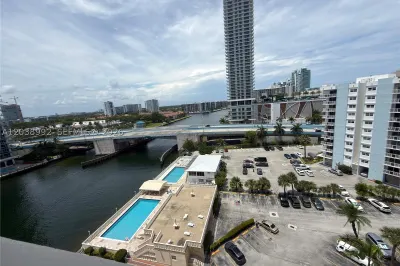 1817 S Ocean Dr #18 1
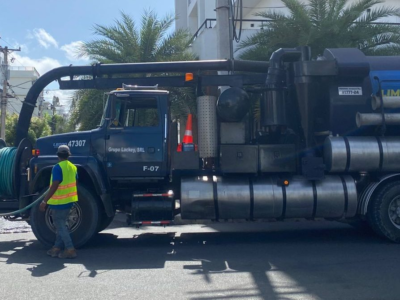 Alcaldía refuerza limpieza de filtrantes ante lluvias por vaguada en Santo Domingo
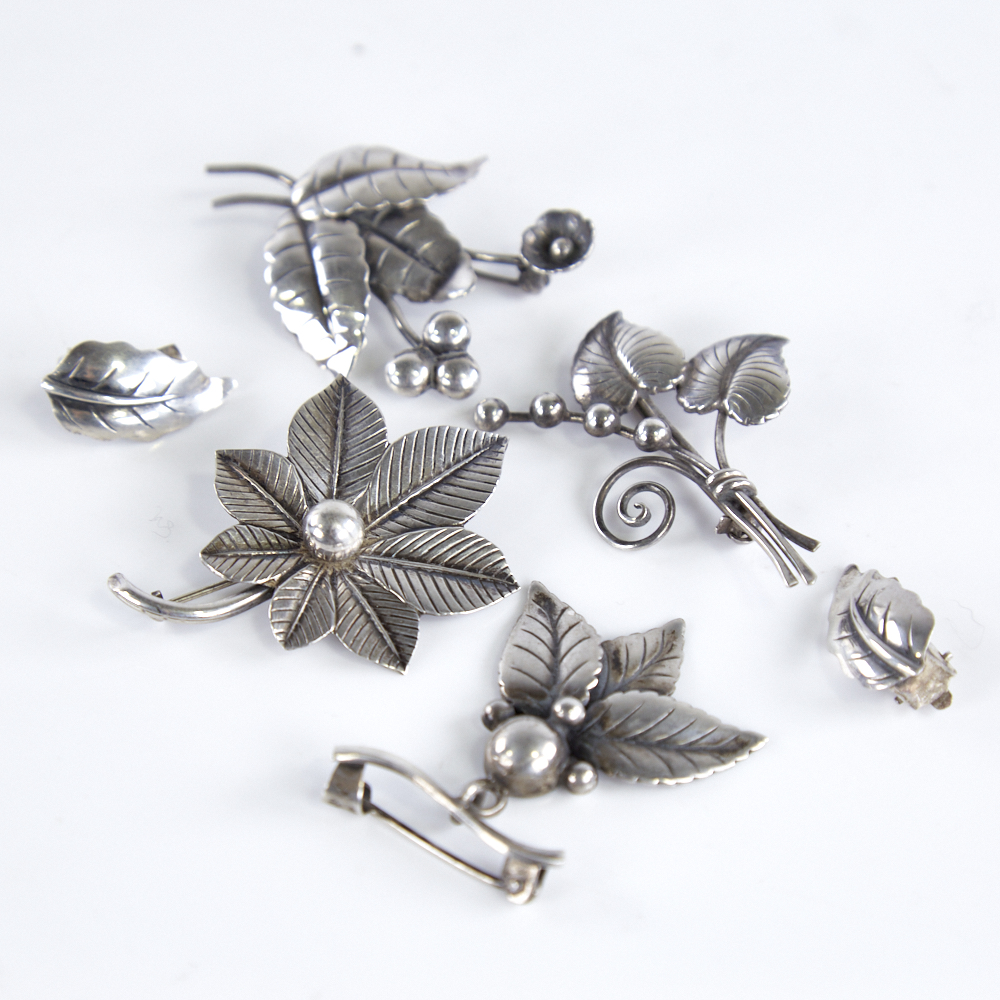 Various Danish stylised silver jewellery, including pair of clip leaf earring by Niels Erik From, - Image 4 of 5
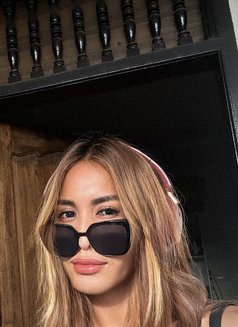 Mistress Laura - Transsexual escort in Bali Photo 16 of 30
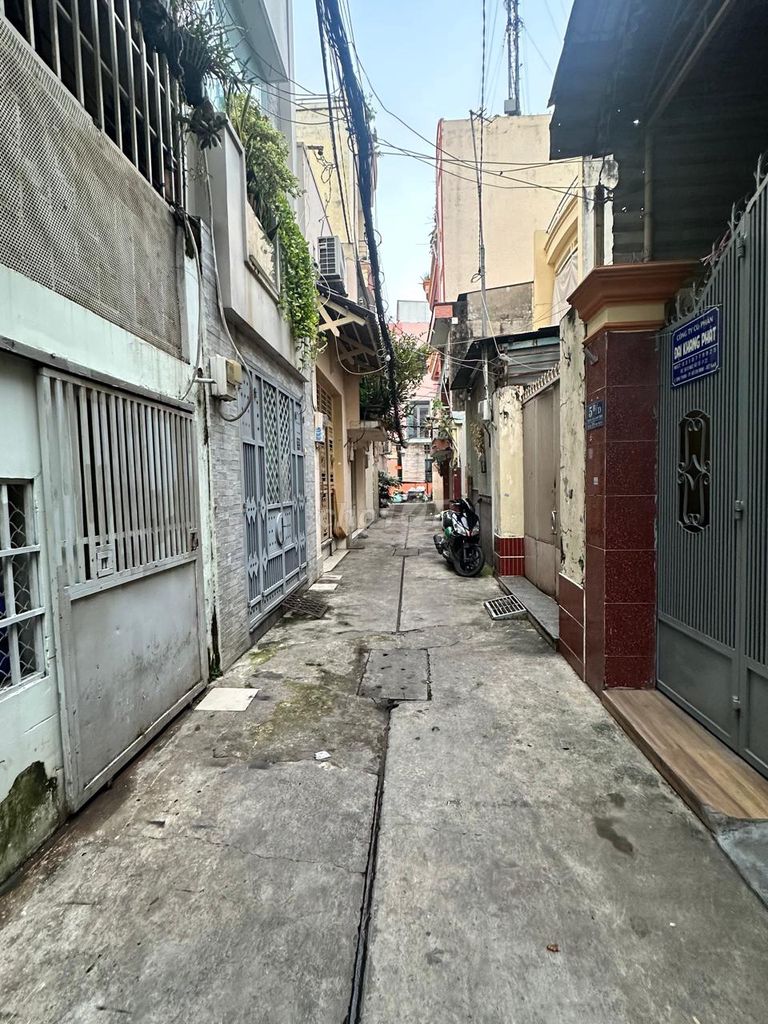 Rent Bình Thạnh against District 1-- Main.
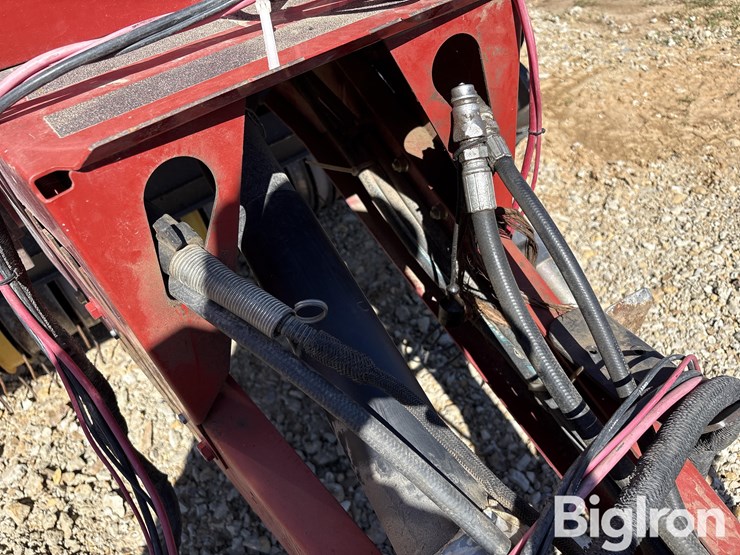 2012-case-ih-premium-rb564-round-baler-image-11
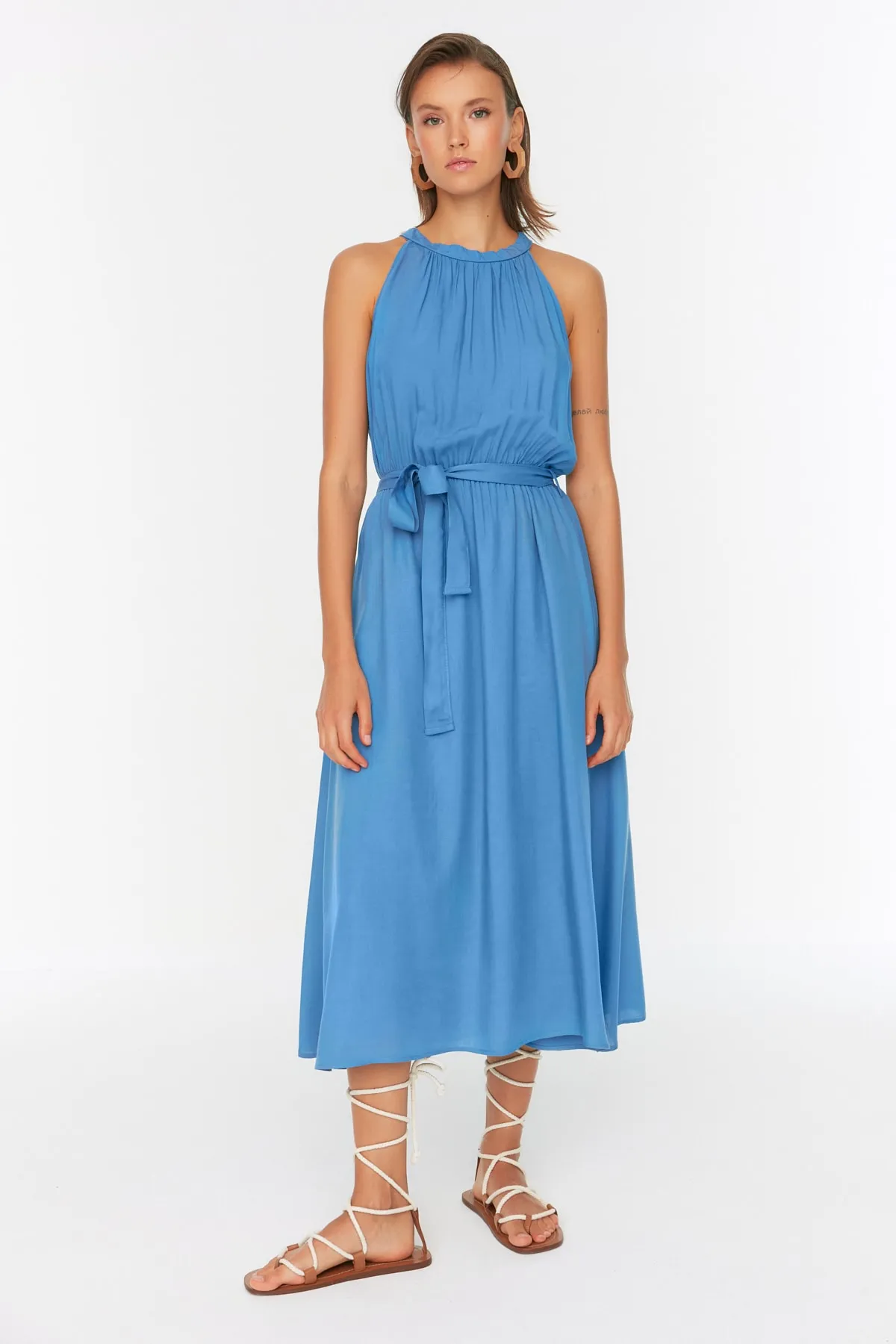 Trendyol Collection  Indigofarbenes, gewebtes Midi-Kleid aus Viskose mit Neckholder und Gürtel TWOSS19EL0155
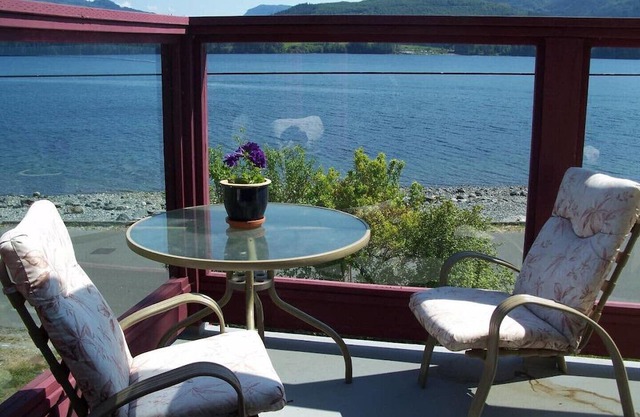 Ocean View Log Lodge with Restaurant and Beach. Hot breakfast included.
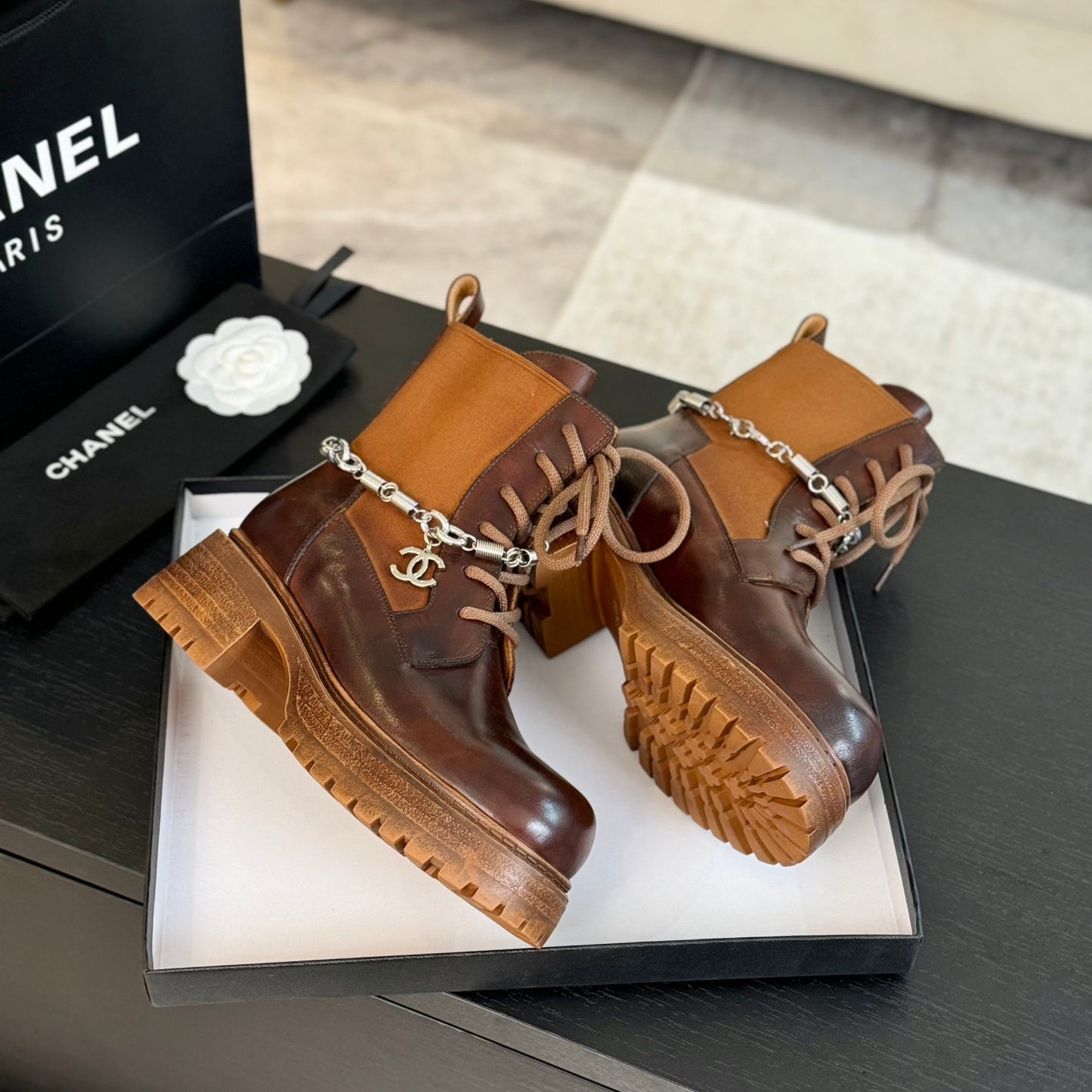 CNL letter buckle Martin boots 0724121102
⁂
• [Required action]: Transcribe only the lines between the line containing "Mistress Laura - Transsexual" and the final line of the listing, inclusive, exactly as they appear; no pictures are to be included.

• [Task output]:
 Mistress Laura - Transsexual escort in Bali Photo 16 of 30
 Rent Bình Thạnh against District 1-- Main.
 2012-case-ih-premium-rb564-round-baler-image-11
 Trendyol Collection  Indigofarbenes, gewebtes Midi-Kleid aus Viskose mit Neckholder und Gürtel TWOSS19EL0155
 Ocean View Log Lodge with Restaurant and Beach. Hot breakfast included.
 CNL letter buckle Martin boots 0724121102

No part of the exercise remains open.